DX推進パスポート取得者は、DX推進人材として、DX推進を行う職場において、チームの一員として作業を担当する人、そしてDXを推進するプロフェッショナル人材となるために必要な基本的スキルを有する人として定義されます。 DX推進パスポートは「ITパスポート試験」、「DS検定 リテラシーレベル」、「G検定」の3試験の合格数に応じて、そのスキルの可視化を行うオープンバッジを発行します。3試験のうちいずれか1種類の合格者には「DX推進パスポート1」、いずれか2種類に合格すると「DX推進パスポート2」、3つ全てに合格すると「DX推進パスポート3」のオープンバッジが発行されます。
スキルや仕事の成果、実務経験、学習を評価され、認められることは、常に強く自分を動かす原動力となるものです。こうした評価や目に見える形での表彰などは自信を高め、さらには自らが学びスキルを身につけていこうとする自律的な学びへ繋がる非常に強力な動機づけとなり得ます。こうしたスキル・成果・学習歴の可視化をデジタルに実現したのが、DX推進パスポートなどでも利用されているオープンバッジです。
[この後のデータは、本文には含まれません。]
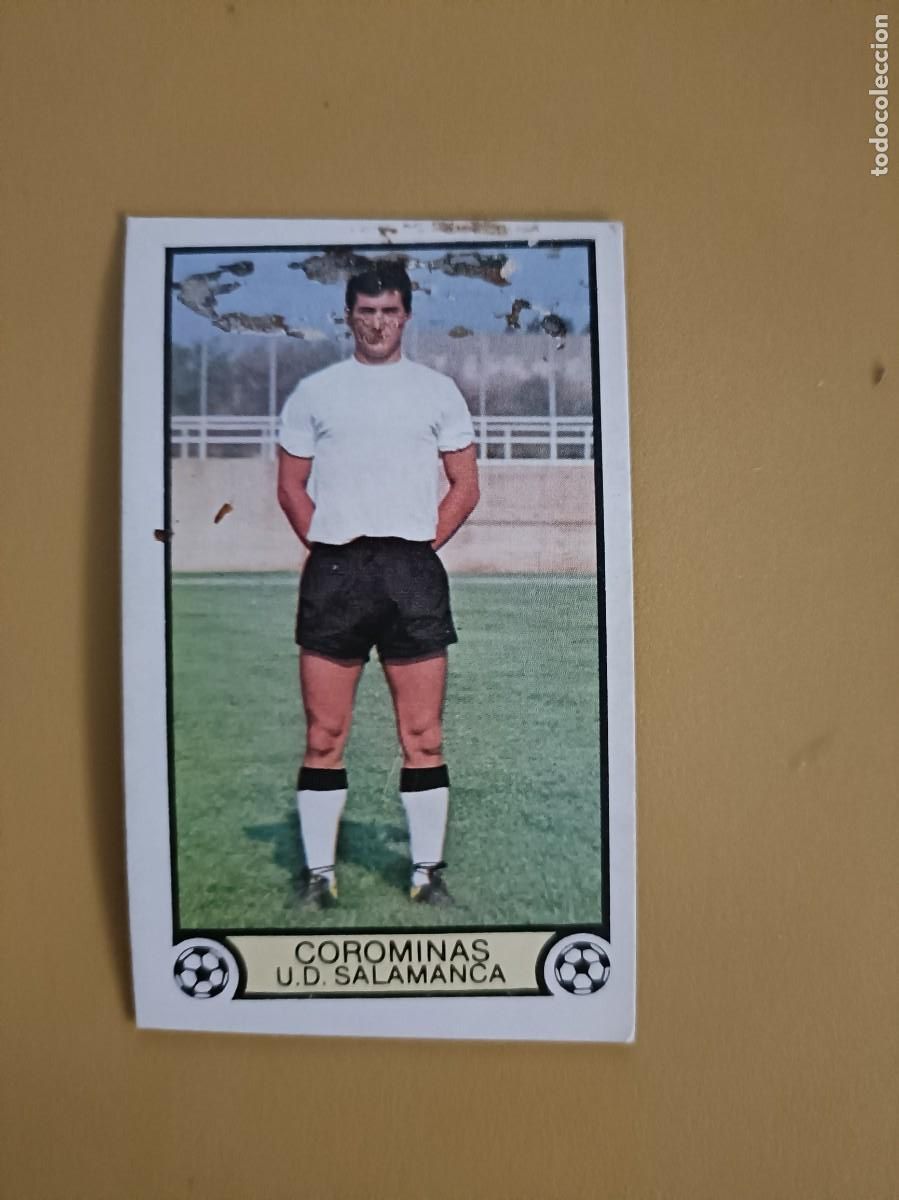 Colecionismo Cromos antigos: corominas, liga 79 80 salamanca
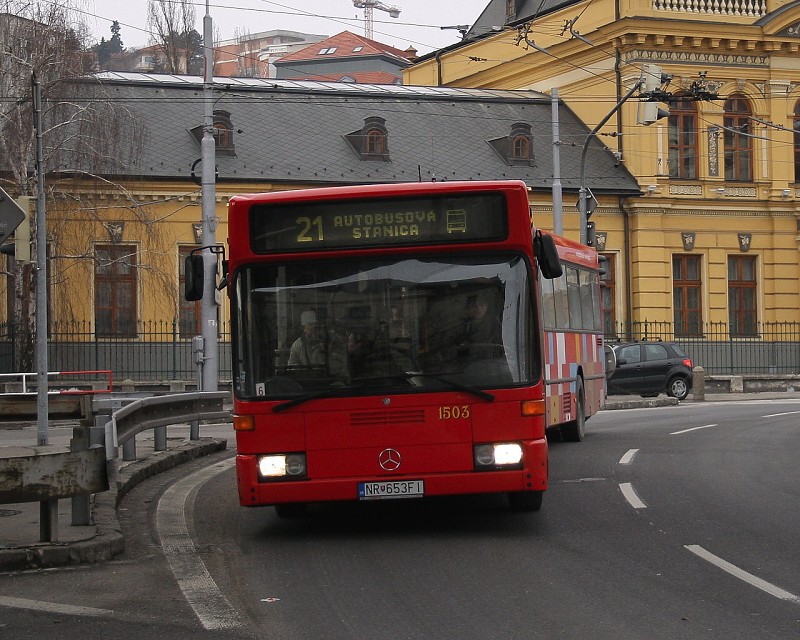 Mercedes-Benz O 405 GN2 #1503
オープンバッジは国際技術標準規格にそって発行しているデジタル証明/認証で、スキル・成果・学習の可視化を実現します。オープンバッジは広くインターネットを介して公開することが可能です。メールの署名に貼り付けたり、タレントマネジメントシステムへ登録したり、SNSなどで共有したりすることができます。
公開されたオープンバッジは、その取得した内容を証明することや第3者によって検証することもできます。そしてブロックチェーン型のオープンバッジは、偽造・改ざんが困難であるため信頼のおける学習・資格証明書として、企業の採用やスキルマップ、さらにはスキルマッチングなどでの活用がなされ、個人のスキルや知識へ新たな価値をもたらしています。
オープンバッジは、社員のリスキリング・学び直し、そしてDXを推進するデジタル人材育成など、さまざまな場面で活用可能な革新的ソリューションです。
そして今後も新しい職種やスキル、キャリアパスが登場するなか、個人のスキルを「可視化」することの重要性は、今後さらに増していくことでしょう。
参考までに私が保有するオープンバッジをご案内します。
筆者は米国の美大卒業後、1996年に帰国しました。当時は就職氷河期の真っ最中で、美術を専攻していたことと、海外留学生はすぐに転職するなど一般の学生と比べて評価が低かったこともあり50社以上の面接を受け、苦労してやっと受かった1社がIT業界の新興企業でした。わたしを受け入れてくれた(拾ってくれた)企業はIBM出身の社長率いるシステムインテグレーターで、1990年代後半のインターネットの普及の勢いもあり、そこで多くのIT技術とデジタルリテラシーの基礎を身につけることができ、それが今もわたしの礎になっています。
一方で、当時そうした知識は一部の人間が持つものとされ、穿った見方をすると多くの組織の中で横文字ばかり使う言葉が通じない人間として疎まれていた面もあったように感じます。英語ではGEEKなどと呼称されました。そして時は流れ今では誰もがデジタルと最新テクノロジーの知識の修得・活用を求められ、新しいものを組織的に全員で生み出していく時代になりました。引き続きデジタル人材の育成が国をあげての最重要課題にあげられている中、これからも多くの組織でデジタル人材育成が進む中で第二の「サトシ・ナカモト」のようなDXを起こす人材がまた登場するのではないかとGEEKなわたしは密かにワクワクしています。そしてその育成に微力ながら尽力し日本、そして世界がより良い社会になっていくことを願っています。